Original Research

A comparative study of eschatology in Christianity and African traditional religion

Emeka C. Ekeke, Ekpenyong O. Ekpenyong
Verbum et Ecclesia | Vol 45, No 1 | a2958 | DOI: https://doi.org/10.4102/ve.v45i1.2958 | © 2024 Emeka C. Ekeke, Ekpenyong O. Ekpenyong | This work is licensed under CC Attribution 4.0
Submitted: 01 August 2023 | Published: 30 January 2024

About the author(s)

Emeka C. Ekeke, Department of Religious and Cultural Studies, Faculty of Arts, University of Calabar, Calabar, Nigeria; Department of Religion Studies, Faculty of Theology and Religion, University of Pretoria, Pretoria, South Africa; and Department of the Study of Religions, University of Religions and Denominations, Qom, Iran, Islamic Republic of
Ekpenyong O. Ekpenyong, Department of Religious and Cultural Studies, Faculty of Arts, University of Calabar, Calabar, Nigeria


The concept of eschatology remained a captivating theological subject that theologians dedicated substantial time and resources to comprehend. Contrary to popular belief, some Christians may not prioritise theological discussions about eschatological details. Eschatological discourse – the fate of the universe, including humans and the physical world – may also be prioritised. Death, the second coming of Christ, judgement, rewards, heaven and hell are some of the eschatological themes that fascinate and disturb people because of limited understanding about the afterlife. African tradition religion (ATR) has been criticised for omitting eschatology in its belief system which this study debunks. This study showed that Christianity and ATR have the concept of eschatology and identified the main points of convergence and divergence in their eschatologies to demonstrate that ATR’s eschatology is well-established but different from Christianity’s. This paper adopts theoretical research, often referred to as conceptual research, since it is aimed at advancing knowledge. Christianity and ATR agree that physical death ends life in the body, and death symbolises the afterlife. Earthlings have limited time to fulfil their duties. Both sides agree that the soul and spirit survive death and resurrection. Christianity and ATR share many beliefs and traditions across sects, ethnicities and regions. These factors influence the eschatology of each tradition. Both faiths agree that present decisions impact fate and eternity. They also agree that God opposes immorality, but the virtuous will inhabit a place of joy. Positive and negative conduct are punished differentially.

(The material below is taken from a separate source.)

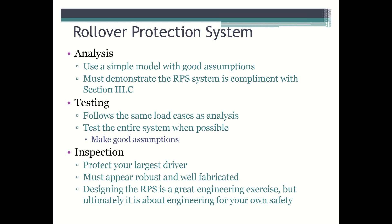When performing the analysis on the RPS, do not introduce unnecessary complexity. Focus on defining a model which encompasses the entire system, and feel free to simplify components which do not need to be designed, like a commercially available harness. The analysis of the RPS must show that the RPS is fully compliant with both load cases if full points are to be awarded.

Intradisciplinary and/interdisciplinary implications: This work discusses end-of-life issues that strongly relate to systematic theology and African traditional religion, emphasising that while their eschatologies differ, they share a belief in life after death. African traditional religion should not be mocked as a religion without eschatology.


Christianity; African traditional religion; eschatology; systematic theology; comparative religion; religious studies.